** What you will do **
Using the records that follow, reproduce exactly the lines starting at the line containing "Slide: The Image" and ending at the line containing "Tropical beach view". Include both end lines and no pictures.

** Input **
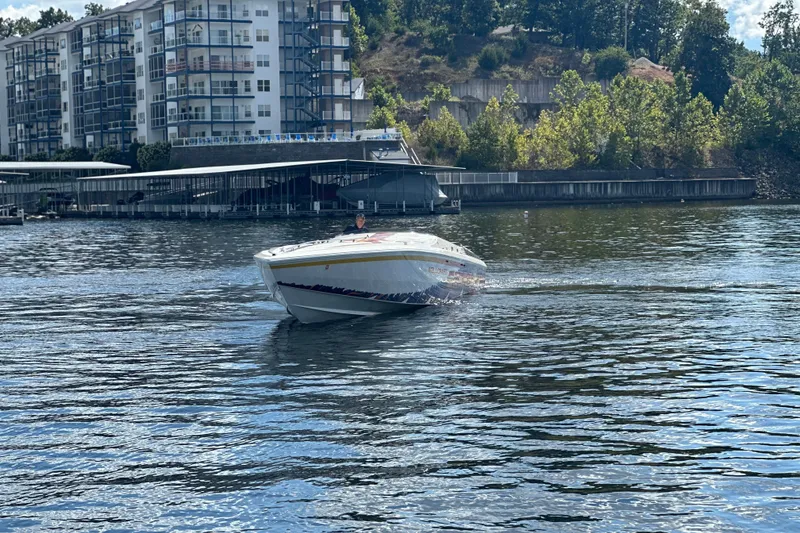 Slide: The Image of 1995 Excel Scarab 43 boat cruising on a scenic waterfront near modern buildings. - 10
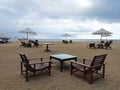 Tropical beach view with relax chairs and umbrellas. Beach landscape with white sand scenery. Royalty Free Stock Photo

...

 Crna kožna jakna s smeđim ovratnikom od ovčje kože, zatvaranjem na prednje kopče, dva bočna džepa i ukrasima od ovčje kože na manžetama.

** Result **
 Slide: The Image of 1995 Excel Scarab 43 boat cruising on a scenic waterfront near modern buildings. - 10
 Tropical beach view with relax chairs and umbrellas. Beach landscape with white sand scenery. Royalty Free Stock Photo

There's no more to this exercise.